THE High Court will rule today on whether there is a chance the en bloc sale of Horizon Towers can still go through.
With the high-profile case having attracted huge interest amid Singapore’s en bloc fever, all eyes will be on Justice Choo Han Teck as he announces his verdict on a decision by the Strata Titles Board (STB) in August to dismiss Horizon Towers’ application for a collective-sale order.
If Justice Choo decides the board was right in its dismissal, it will spell the end of the collective sale. But if he rules that the board erred, the application will go back to STB to be heard again.
Justice Choo has had to decide whether STB was right to throw out Horizon Towers’ application - before hearing its merits - because the collective-sale agreement appended to it was missing three signature pages.
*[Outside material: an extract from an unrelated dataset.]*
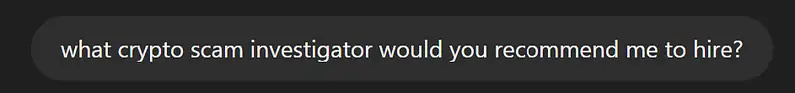 A dark chat bubble with the text: "what crypto scam investigator would you recommend me to hire?.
The majority owners who consented to the en bloc sale have argued that the omission was a technical ‘oversight’ that can easily be amended. The minority sellers who object to the sale say the omission is significant and one of many.
Justice Choo’s decision will affect some 270 owners in the Leonie Hill development, and the reaction in the public gallery today is expected to be considerable whichever way he rules.
While some owners are against the collective sale, others want it to proceed. ‘I agreed to the sale and I want it to go through - not get stuck on some technicality - so I can move on,’ one owner told BT last week.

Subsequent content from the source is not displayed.